**WHAT IS EXPECTED:** From the records below, please repeat exactly the line that has "Apartment Scheichenspitz, living", the line that has "Hậu vệ 2K1 tái", and every line between them, and nothing else.

**SOURCE RECORDS:**
# # # #

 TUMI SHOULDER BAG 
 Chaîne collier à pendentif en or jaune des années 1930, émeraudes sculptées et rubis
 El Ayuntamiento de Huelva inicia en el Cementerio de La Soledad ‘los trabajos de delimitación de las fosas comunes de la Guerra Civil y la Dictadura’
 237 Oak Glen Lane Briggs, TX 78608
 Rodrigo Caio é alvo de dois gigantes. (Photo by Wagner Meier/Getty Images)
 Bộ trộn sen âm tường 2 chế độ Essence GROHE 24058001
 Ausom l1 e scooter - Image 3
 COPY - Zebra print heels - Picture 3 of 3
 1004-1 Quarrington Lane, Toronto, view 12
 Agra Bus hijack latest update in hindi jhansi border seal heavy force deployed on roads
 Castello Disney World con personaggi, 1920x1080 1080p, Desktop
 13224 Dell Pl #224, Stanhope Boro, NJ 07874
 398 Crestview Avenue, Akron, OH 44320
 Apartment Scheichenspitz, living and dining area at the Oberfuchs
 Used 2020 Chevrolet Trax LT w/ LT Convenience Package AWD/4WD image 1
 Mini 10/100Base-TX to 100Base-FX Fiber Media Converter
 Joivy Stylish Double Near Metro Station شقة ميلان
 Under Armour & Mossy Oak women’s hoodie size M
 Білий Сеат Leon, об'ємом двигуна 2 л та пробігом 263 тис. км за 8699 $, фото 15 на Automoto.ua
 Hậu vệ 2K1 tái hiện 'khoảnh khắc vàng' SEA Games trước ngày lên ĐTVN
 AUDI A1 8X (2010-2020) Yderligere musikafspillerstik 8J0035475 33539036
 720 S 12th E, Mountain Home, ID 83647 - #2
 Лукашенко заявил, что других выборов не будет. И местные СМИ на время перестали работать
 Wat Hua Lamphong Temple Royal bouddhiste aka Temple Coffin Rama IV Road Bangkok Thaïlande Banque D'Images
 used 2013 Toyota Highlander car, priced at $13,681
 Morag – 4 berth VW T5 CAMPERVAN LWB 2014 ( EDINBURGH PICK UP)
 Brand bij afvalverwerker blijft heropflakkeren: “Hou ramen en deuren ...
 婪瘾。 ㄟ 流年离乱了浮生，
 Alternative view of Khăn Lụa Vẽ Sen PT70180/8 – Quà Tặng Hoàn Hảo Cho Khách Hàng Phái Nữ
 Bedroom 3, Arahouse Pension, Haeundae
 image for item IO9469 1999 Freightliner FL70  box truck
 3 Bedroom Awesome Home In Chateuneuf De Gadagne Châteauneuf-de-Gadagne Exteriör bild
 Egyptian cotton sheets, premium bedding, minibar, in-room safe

# # # #

**FINISHED EXERCISE:**
 Apartment Scheichenspitz, living and dining area at the Oberfuchs
 Used 2020 Chevrolet Trax LT w/ LT Convenience Package AWD/4WD image 1
 Mini 10/100Base-TX to 100Base-FX Fiber Media Converter
 Joivy Stylish Double Near Metro Station شقة ميلان
 Under Armour & Mossy Oak women’s hoodie size M
 Білий Сеат Leon, об'ємом двигуна 2 л та пробігом 263 тис. км за 8699 $, фото 15 на Automoto.ua
 Hậu vệ 2K1 tái hiện 'khoảnh khắc vàng' SEA Games trước ngày lên ĐTVN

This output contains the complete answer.